Diffusion-weighted imaging with high b-value can potentially capture the restricted diffusion in tissues. With high-b-value diffusion weighting, the signal in tissue decays non-exponentially, thus the expansion of DWI signal usually be interpreted at second order or higher. However, in the ultra-high b-value (b>4k s/mm2), the cumulant expansion of higher order would fail to fit the signal. In this study, DTI, DKI, biexponential and Kärger models were used for approximating DWI signals with ultra-high b-values.
Introduction
In the diffusion-weighted imaging (DWI), changes of diffusion signal reflect histological properties of the cells, and use of a higher b-value can potentially capture more restricted diffusivity tissues, such as the heterogeneous cellula in glioma1. Development of modern gradient systems enables producing large diffusion gradients with less eddy current, to achieve a b-value up to 10k s/mm2 with an acceptable TE and SNR for a clinical exam. With high diffusion weighting, the signal in tissue decays non-exponentially, thus the expansion of DWI signal is interpreted with a biexponential model or at second order or higher. However, in the ultra-high b-value (b>4k s/mm2), the cumulant expansion of higher order would fail to fit the signal2.
In this study, to fit the curve of DWI signal with b-values from conventional (b=1k s/mm2), up to ultra-high value (b>4k s/mm2), a linear model as for DTI, a second-order model as for DKI3, and biexponential models4–6 without and with exchange between the intracellular and extracellular water were used and compared.
Methods
Data acquisition was performed on a MAGNETOM Prisma 3T scanner using a 64-channel head-neck coil (Siemens Healthcare, Erlangen, Germany). A healthy volunteer (27 years old) was scanned. The DWI images were obtained using a prototype simultaneous-multi-slice diffusion EPI sequence7 (TR/TE=3000/104 ms, voxel size=2x2x5mm3, slice number=27, bandwidth=2272 Hz/Px, partial Fourier=6/8, iPAT factor=2, SMS factor=3, TA=6min17sec). The diffusion scheme contained 20 directions for each b-value (1k, 2k, 4k, 6k, 8k and 10k s/mm²) with one non-diffusion image.

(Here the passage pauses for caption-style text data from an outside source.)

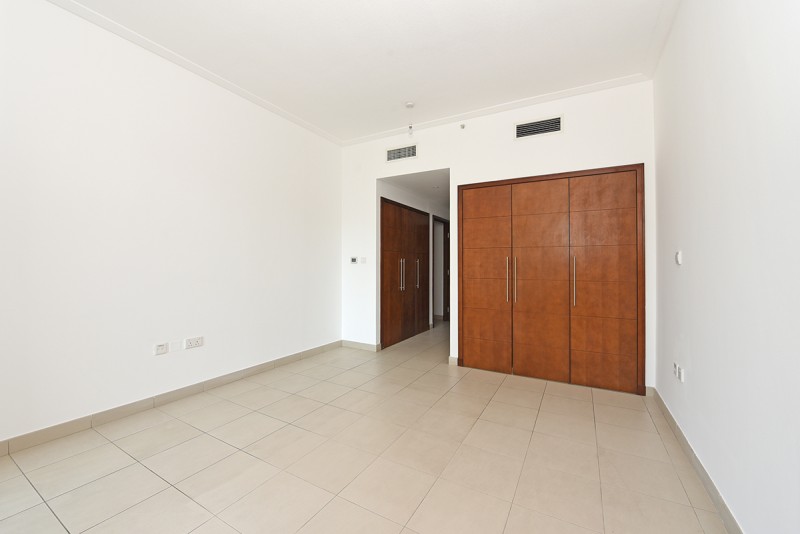 2 Bedrooms Apartment in South Ridge 6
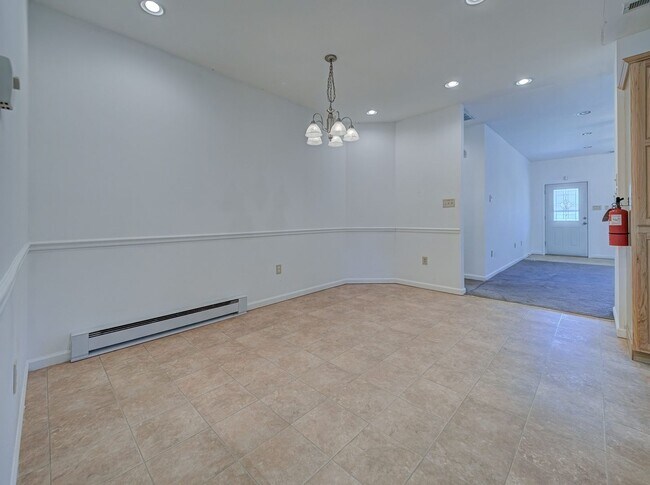 Building Photo - 756 Lakehurst Rd
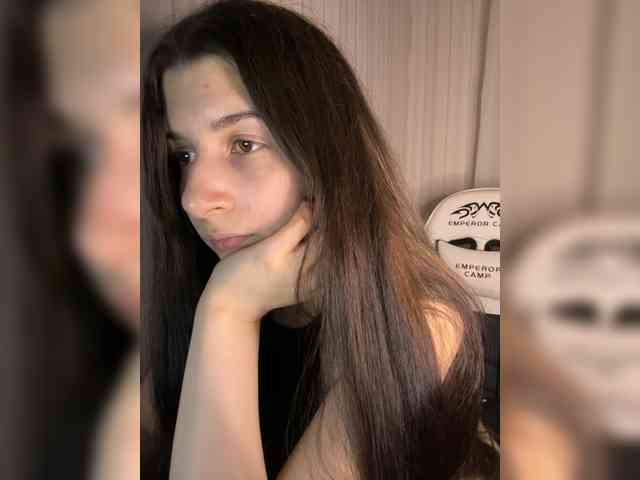 Plutonyashka webcam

ADCs were calculated from each single b-value data. Mean kurtoses (MK) in DKI model were calculated using the DKE software8 from six DWI datasets, which were selected from the data with different b-value groups, noted as (1k,2k), (2k,4k), (4k,6k), (6k,8k), (8k,10k), and the full DWI data from the six datasets. The biexponential model was based on the two-component assumption with fast and slow diffusivities. For the relatively long diffusion time of 51 ms in the sequence, the exchange of water between the two components was considered in the Kärger model, but the T2 effect was not included in this study. The parameters of these two models were estimated using a nonlinear fitting. The signal attenuation of the four models are shown in Figure 1. Then the signal approximation of each model was performed from the datasets of (1k,2k), (8k,10k) and full DWI, with the b-values from 0 up to 10k s/mm². Six representative voxels were chosen from white matter, gray matter and CSF for the comparison.
As shown in Figure 2, with an increase of b-value, the signal of gray matter reduces more rapidly than that of white matter in the DWI images. The ultra-high DWI can thus potentially highlight anisotropic tissues like white matter. The ADC in the DTI model also changes a lot as the compartment of fast diffusivity is vanishing with ultra-high diffusion weighting. The MK generated from each DWI group changed relatively more mildly with b-values, but still shows a difference in the full DWI group, where the boundaries of white matter and gray matter are better recognized.
The fitting curve and errors of four models with actual DWI signal are plotted in Figure 3. The ADCs in the linear DTI model only fit well under the identical b-value due to its linear assumption, thus the related fitting errors at each b-value can be a ‘reference’ for comparison. In the (1k,2k) DWI dataset, all the models fit well when the b-value is lower than 4k s/mm2, and increase substantially in the high b-value in all voxels (third column). For the DKI model, the second term is proportional to the square of the b-value, thus the fitting error increased rapidly. For the two bi-exponential models, components with fast diffusivity occupy the signal decay in the low b-values. And in the (8k,10k) DWI dataset, the fittings show reverse tendency along the b-value. Because the signal of the fast diffusion component has vanished completely therefore revealed the restricted diffusion component. Moreover, in the full DWI data, the Kärger model and biexponential model are overlapped, both of them show good fitting in white matter and gray matter. In the CSF, the Kärger model fits better than the conventional biexponential model. And the DKI model could not fit well in all the b-values.